Short-run supply curve
To define a short-run supply curve, we need to fix the following backdrop:
- The specific good, service, or commodity being produced.
- A unit for measuring the quantity of the commodity.
- A unit for measuring price.
- A convention for whether sales taxes are included in the stated price.
- A certain firm or set of firms who are the potential producers/sellers of the good.
- The fixed costs incurred by the firm, which typically cannot be changed in the short run.
- An economic backdrop that includes all the other determinants of supply other than the unit price. These are primarily the prices of various factors of production.
With this backdrop, the short-run supply curve is a curve drawn with:
- The vertical axis is the price axis, measuring the price per unit of the good
- The horizontal axis is the quantity axis, measuring the total quantity supplied at the given price by the total of all the economic actors chosen above.
Note that the short-run supply curve makes sense ceteris paribus -- keeping the other determinants of supply constant.
For a firm in a perfectly competitive market
Further information: determination of quantity supplied by firm in perfectly competitive market
If the firm operates in a perfectly competitive market, then it is a price-taker, i.e., it has no say about the price of the good; however, it can control the quantity that it produces. In such a case, the short-run supply curve looks like the part of the marginal cost curve that lies to the right of the minimum average variable cost point. We consider three examples:
In the first example, the marginal cost is increasing, starting at zero. In this case, the firm's reservation price (i.e., the minimum price above which it produces a nonzero quantity) is zero and the marginal cost curve is the same as the short-run supply curve.
In the second example, the marginal cost is increasing, but not starting at zero. The minimum, starting value here becomes the reservation price.

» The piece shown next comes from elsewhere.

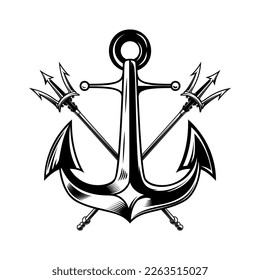 Illustration of sea anchor with crossed tridents. Design element for logo, sign, emblem. Vector illustration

Below the reservation price, the firm stays idle. The marginal cost curve again coincides with the short-run supply curve.
In the third example, the marginal cost (MC) is initially decreasing, then increasing. The average variable cost (AVC) curve starts out with the marginal cost curve, then decreases but above the MC curve, and then attains its minimum at the point where the curves cross. The point where the curves cross is the minimum AVC value and is the firm's reservation price. The short-run supply curve is the part of the marginal cost curve that lies to the right of the vertical line for minimum AVC.